MCS 275 Spring 2024 Homework 10 Solutions

  • Course Instructor: Emily Dumas

Problem 2: Sort timing plots

Here are links to two CSV files you should download:

Each one contains timing data for three sorting algorithms:

  • The mergesort we wrote in class
  • The quicksort we wrote in class
  • Python's built-in sorting algorithm

Each row of file timing-random.csv shows the time taken by each algorithm to sort a list that is randomly shuffled. The first column of the file, n, is the length of the list for that test.

The file timing-nearlysorted.csv is similar, but for those tests the list used is in "nearly sorted order".
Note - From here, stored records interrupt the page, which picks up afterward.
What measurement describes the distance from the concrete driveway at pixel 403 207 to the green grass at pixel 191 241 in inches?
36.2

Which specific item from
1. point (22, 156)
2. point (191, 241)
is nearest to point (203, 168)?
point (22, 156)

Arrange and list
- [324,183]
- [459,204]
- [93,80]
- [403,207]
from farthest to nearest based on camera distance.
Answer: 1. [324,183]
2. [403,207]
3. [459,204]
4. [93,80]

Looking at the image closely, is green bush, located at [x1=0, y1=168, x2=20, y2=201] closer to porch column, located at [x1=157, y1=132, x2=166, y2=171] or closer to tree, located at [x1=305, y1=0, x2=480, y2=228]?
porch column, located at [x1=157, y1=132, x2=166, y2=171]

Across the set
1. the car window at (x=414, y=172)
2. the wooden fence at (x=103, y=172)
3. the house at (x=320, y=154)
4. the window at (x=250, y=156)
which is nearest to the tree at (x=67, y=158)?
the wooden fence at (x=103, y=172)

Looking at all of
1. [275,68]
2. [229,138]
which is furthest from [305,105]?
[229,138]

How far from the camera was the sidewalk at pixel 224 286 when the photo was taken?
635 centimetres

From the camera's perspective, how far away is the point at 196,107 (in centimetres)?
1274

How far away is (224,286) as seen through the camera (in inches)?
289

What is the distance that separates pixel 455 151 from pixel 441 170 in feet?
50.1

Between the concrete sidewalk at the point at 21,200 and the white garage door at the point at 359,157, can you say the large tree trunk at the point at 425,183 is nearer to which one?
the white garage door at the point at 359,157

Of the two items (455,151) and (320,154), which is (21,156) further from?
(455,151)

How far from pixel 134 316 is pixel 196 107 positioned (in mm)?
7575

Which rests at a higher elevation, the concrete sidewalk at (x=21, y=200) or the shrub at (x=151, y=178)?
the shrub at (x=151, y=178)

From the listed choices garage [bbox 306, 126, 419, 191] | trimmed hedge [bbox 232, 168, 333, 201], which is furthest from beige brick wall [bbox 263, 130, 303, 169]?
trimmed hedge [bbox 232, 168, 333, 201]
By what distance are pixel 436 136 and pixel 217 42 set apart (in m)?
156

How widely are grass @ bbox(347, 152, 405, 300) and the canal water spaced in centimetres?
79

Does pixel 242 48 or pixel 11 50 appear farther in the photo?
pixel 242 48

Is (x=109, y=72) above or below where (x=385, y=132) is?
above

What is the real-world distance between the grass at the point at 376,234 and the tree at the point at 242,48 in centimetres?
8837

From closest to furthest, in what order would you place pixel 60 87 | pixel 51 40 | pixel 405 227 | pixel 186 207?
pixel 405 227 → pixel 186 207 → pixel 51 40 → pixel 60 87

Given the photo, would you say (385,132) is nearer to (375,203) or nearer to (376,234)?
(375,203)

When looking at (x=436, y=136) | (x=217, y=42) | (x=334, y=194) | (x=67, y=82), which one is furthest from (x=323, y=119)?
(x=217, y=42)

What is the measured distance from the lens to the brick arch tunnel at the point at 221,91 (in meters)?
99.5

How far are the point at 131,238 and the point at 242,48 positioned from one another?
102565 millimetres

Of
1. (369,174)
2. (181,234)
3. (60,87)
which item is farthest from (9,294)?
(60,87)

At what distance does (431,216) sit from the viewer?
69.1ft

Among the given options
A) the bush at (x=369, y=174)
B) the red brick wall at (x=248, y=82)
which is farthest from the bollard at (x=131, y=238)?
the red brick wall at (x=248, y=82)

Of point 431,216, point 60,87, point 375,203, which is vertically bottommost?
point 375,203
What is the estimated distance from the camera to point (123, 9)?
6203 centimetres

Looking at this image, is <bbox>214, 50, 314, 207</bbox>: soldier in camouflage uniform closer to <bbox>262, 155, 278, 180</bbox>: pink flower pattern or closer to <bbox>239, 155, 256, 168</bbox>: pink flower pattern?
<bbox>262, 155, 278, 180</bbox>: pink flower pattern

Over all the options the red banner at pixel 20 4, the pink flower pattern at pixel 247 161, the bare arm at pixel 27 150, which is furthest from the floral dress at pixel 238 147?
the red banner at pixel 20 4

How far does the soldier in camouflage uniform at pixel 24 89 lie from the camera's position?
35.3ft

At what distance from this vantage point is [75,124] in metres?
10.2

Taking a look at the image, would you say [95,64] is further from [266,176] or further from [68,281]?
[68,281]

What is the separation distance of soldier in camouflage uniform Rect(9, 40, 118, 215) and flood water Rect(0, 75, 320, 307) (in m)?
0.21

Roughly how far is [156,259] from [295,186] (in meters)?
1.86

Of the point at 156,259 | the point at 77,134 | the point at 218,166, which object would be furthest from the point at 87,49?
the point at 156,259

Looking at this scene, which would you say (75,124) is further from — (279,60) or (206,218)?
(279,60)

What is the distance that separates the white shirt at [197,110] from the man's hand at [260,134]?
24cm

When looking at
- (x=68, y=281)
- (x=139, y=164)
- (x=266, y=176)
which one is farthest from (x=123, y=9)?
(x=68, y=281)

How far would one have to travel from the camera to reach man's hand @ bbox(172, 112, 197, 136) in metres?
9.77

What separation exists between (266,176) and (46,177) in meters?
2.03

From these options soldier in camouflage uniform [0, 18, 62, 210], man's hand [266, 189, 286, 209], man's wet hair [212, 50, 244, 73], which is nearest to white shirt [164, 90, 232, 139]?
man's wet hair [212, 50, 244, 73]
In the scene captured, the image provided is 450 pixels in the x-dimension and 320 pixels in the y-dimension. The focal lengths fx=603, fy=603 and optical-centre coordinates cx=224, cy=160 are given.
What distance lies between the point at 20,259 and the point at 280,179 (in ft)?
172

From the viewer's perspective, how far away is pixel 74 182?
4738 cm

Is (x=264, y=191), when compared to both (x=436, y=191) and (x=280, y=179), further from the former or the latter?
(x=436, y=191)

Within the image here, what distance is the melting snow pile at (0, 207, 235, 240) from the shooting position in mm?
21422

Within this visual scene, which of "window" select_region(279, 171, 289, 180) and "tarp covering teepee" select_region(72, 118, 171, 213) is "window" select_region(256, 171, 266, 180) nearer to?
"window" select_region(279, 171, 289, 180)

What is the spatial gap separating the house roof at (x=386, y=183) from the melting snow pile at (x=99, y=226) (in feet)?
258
Write a Python script that does the following:

  • Reads both CSV files, making suitable numpy arrays to store the data
  • Makes two matplotlib plots:
    • One showing the timing tests for the three algorithms with random data, with the length of the list on the x axis and the time taken to sort on the y axis.
    • One showing the timing tests for the three algorithms with nearly sorted data (axes as above)
  • Saves the plots to timing-plot-random.png and timing-plot-nearlysorted.png.

In each plot there should be a title, axes labels, a legend, and the data for each algorithm should appear in a different color. Use dots as markers, and do not have the data points connected by lines.
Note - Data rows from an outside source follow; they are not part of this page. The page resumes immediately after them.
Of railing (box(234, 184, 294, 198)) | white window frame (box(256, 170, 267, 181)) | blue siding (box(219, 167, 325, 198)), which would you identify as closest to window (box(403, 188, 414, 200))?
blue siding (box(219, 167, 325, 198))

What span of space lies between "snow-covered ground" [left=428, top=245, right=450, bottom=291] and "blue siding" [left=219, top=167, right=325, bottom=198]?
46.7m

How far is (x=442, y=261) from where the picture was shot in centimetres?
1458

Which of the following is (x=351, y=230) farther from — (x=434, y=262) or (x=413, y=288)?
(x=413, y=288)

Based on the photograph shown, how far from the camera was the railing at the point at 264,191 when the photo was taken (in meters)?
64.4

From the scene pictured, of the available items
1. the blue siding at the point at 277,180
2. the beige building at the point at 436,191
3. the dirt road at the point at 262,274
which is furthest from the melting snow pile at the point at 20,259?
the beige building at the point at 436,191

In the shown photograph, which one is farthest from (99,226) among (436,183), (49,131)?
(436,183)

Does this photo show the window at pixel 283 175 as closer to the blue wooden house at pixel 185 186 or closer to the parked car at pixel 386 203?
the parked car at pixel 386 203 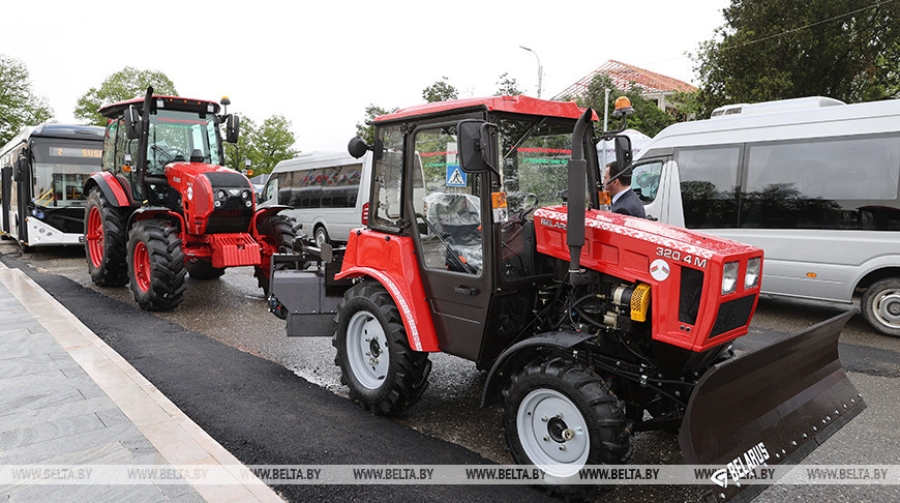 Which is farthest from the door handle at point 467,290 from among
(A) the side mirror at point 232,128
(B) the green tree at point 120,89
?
(B) the green tree at point 120,89

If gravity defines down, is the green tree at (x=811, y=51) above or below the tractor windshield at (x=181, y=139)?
above

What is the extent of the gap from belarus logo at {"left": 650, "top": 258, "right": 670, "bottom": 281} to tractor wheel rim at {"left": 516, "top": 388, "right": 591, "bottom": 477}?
800 mm

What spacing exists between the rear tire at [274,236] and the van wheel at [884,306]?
297 inches

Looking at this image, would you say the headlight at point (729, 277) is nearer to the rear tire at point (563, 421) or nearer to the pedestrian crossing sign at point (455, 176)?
the rear tire at point (563, 421)

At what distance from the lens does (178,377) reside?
5000 millimetres

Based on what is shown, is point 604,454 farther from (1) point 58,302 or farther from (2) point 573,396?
(1) point 58,302

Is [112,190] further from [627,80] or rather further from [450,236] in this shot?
[627,80]

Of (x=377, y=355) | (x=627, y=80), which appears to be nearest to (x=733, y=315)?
(x=377, y=355)

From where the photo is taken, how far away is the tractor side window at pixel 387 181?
419cm

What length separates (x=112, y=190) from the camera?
8641 millimetres

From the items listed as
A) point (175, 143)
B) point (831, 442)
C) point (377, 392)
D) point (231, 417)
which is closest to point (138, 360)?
point (231, 417)

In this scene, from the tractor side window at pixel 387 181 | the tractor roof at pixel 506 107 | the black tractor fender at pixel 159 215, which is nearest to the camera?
the tractor roof at pixel 506 107

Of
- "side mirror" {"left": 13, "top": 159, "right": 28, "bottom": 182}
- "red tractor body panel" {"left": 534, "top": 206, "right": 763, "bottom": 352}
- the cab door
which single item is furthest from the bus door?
"red tractor body panel" {"left": 534, "top": 206, "right": 763, "bottom": 352}

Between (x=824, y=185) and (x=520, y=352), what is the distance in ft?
19.9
Choose limits on the y axis so that if one of the tests takes much longer than all the others, it doesn't prevent the other two from being seen in detail. (It's OK if that means the long-running one goes off the top of the plot.)
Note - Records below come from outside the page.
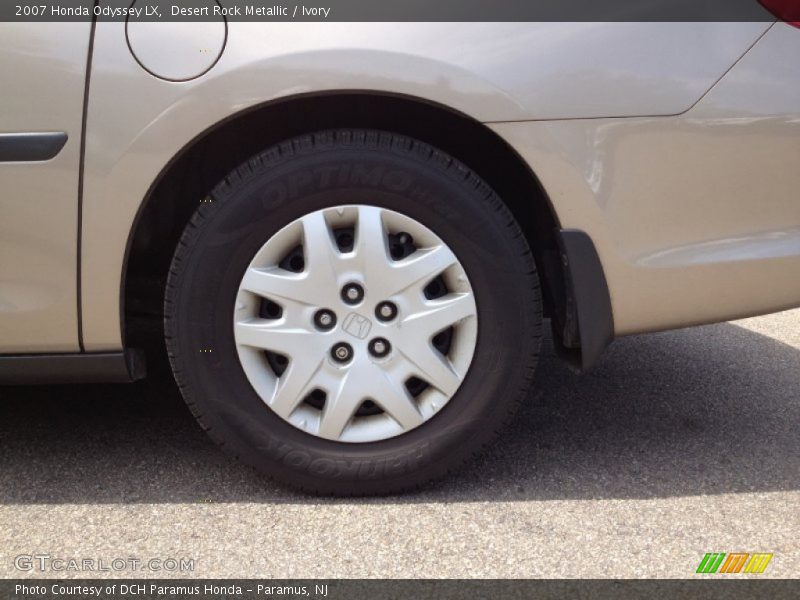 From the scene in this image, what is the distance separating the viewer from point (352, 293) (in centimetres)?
215

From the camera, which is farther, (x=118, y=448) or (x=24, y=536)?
(x=118, y=448)

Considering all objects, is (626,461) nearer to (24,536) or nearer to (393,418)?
(393,418)

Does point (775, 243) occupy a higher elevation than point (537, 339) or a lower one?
higher

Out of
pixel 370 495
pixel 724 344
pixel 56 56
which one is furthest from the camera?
pixel 724 344

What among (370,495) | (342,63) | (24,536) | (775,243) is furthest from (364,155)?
(24,536)

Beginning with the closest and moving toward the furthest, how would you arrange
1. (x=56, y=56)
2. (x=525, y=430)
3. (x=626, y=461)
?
(x=56, y=56)
(x=626, y=461)
(x=525, y=430)

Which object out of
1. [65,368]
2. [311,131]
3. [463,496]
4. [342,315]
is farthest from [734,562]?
[65,368]

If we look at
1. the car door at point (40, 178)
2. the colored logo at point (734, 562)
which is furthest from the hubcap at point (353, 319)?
the colored logo at point (734, 562)

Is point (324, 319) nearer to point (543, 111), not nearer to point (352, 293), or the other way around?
point (352, 293)

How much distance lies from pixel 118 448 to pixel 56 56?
3.66 feet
Put your code in hwk10prob2.py. Upload the code and both images timing-plot-random.png and timing-plot-nearlysorted.png to gradescope.

Solution

In [11]:
import matplotlib.pyplot as plt
import numpy as np
import csv
import collections

def load_dataset(fn):
    "Load columns into a dictionary mapping column names to arrays"
    d = collections.defaultdict(list)
    with open(fn,"r") as fp:
        rdr = csv.DictReader(fp)
        for row in rdr:
            for col in row:
                if col == "n":
                    coltype = int
                else:
                    coltype = float
                d[col].append( coltype(row[col]) )
    for col in d:
        d[col] = np.array(d[col])
    return dict(d) # convert defaultdict to regular dict
In [12]:
rand_data = load_dataset("timing-random.csv")
ns_data = load_dataset("timing-nearlysorted.csv")
In [26]:
plt.figure(figsize=(8,5),dpi=100)
plt.plot(rand_data["n"],rand_data["quicksort"],marker=".",linestyle="none",label="quicksort")
plt.plot(rand_data["n"],rand_data["mergesort"],marker=".",linestyle="none",label="mergesort")
plt.plot(rand_data["n"],rand_data["list.sort"],marker=".",linestyle="none",label="list.sort")
plt.title("Sort timing, random input")
plt.xlabel("n")
plt.ylabel("time (s)")
plt.ylim(0,0.028)
plt.savefig("timing-plot-random.png")
plt.show()
In [25]:
plt.figure(figsize=(8,5),dpi=100)
plt.plot(ns_data["n"],ns_data["quicksort"],marker=".",linestyle="none",label="quicksort")
plt.plot(ns_data["n"],ns_data["mergesort"],marker=".",linestyle="none",label="mergesort")
plt.plot(ns_data["n"],ns_data["list.sort"],marker=".",linestyle="none",label="list.sort")
plt.title("Sort timing, nearly sorted input")
plt.xlabel("n")
plt.ylabel("time (s)")
plt.ylim(0,0.03)
plt.savefig("timing-plot-nearlysorted.png")
plt.show()

Problem 3: Offset printing

Work in hwk10prob3.py.

Write a Python script to generate a plot as similar to the one below as you can manage. Try to do it with as few for loops as you can manage, favoring numpy features instead. (The code I used to generate it has no loops.)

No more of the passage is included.